=== DIRECTIONS FOR THIS TASK ===
What you give back must match the data exactly, minus the pictures.

=== DATA FOR PROCESSING ===

Content starts

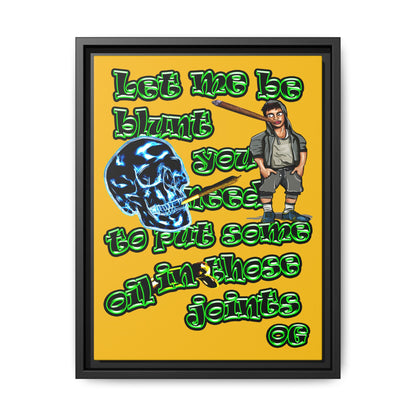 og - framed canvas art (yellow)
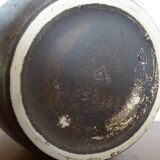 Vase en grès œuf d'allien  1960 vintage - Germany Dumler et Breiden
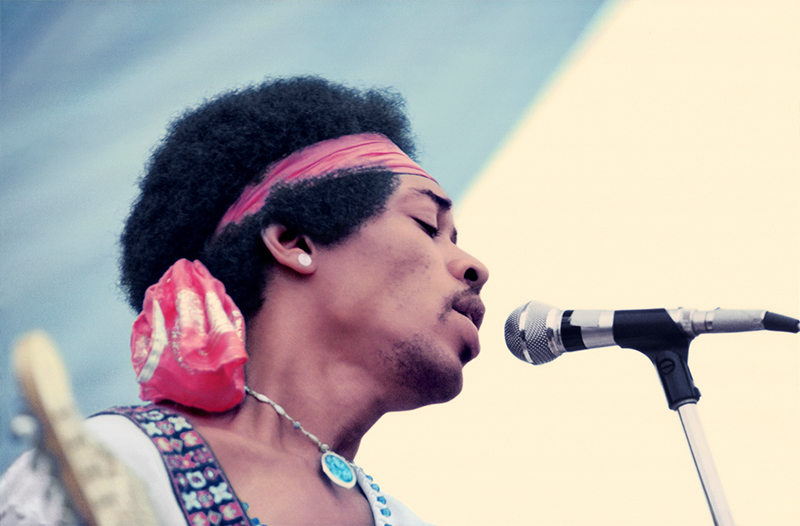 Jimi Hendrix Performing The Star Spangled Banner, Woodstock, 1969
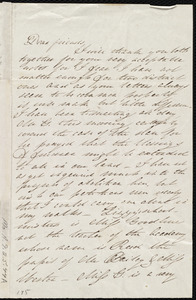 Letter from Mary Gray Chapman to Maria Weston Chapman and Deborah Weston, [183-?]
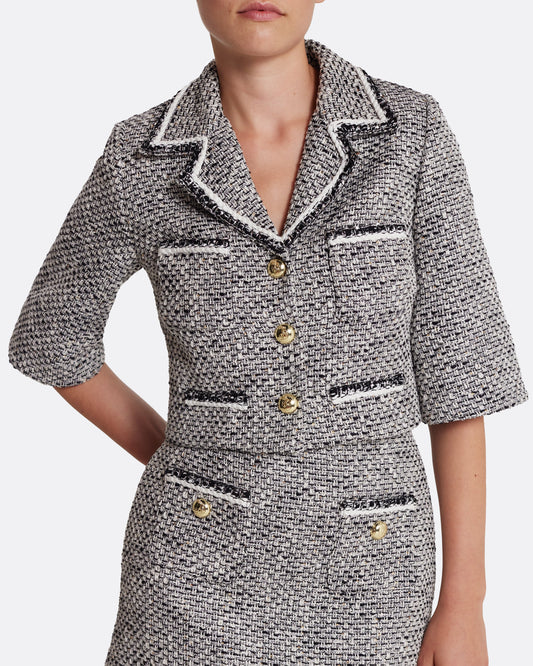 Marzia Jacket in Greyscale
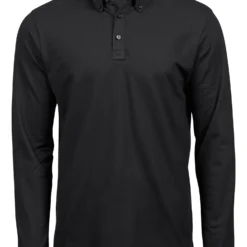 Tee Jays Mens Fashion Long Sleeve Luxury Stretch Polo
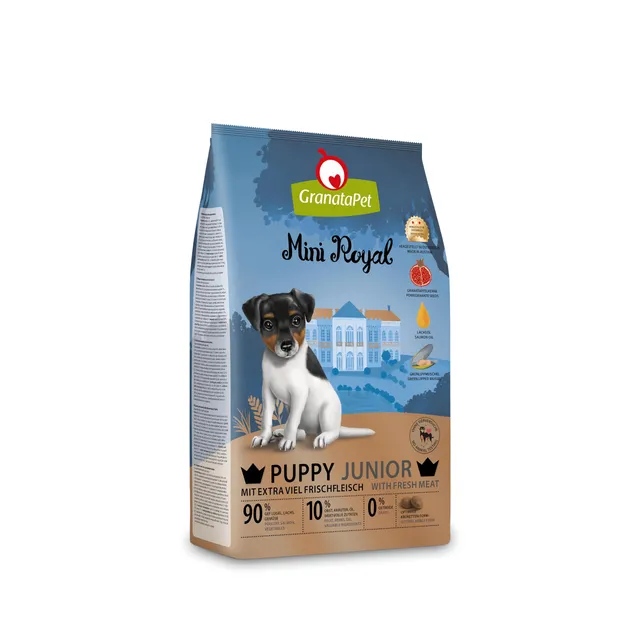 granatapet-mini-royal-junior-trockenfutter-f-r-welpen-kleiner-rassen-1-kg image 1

Content ends

=== EXPECTED OUTPUT ===
 og - framed canvas art (yellow)
 Vase en grès œuf d'allien  1960 vintage - Germany Dumler et Breiden
 Jimi Hendrix Performing The Star Spangled Banner, Woodstock, 1969
 Letter from Mary Gray Chapman to Maria Weston Chapman and Deborah Weston, [183-?]
 Marzia Jacket in Greyscale
 Tee Jays Mens Fashion Long Sleeve Luxury Stretch Polo
 granatapet-mini-royal-junior-trockenfutter-f-r-welpen-kleiner-rassen-1-kg image 1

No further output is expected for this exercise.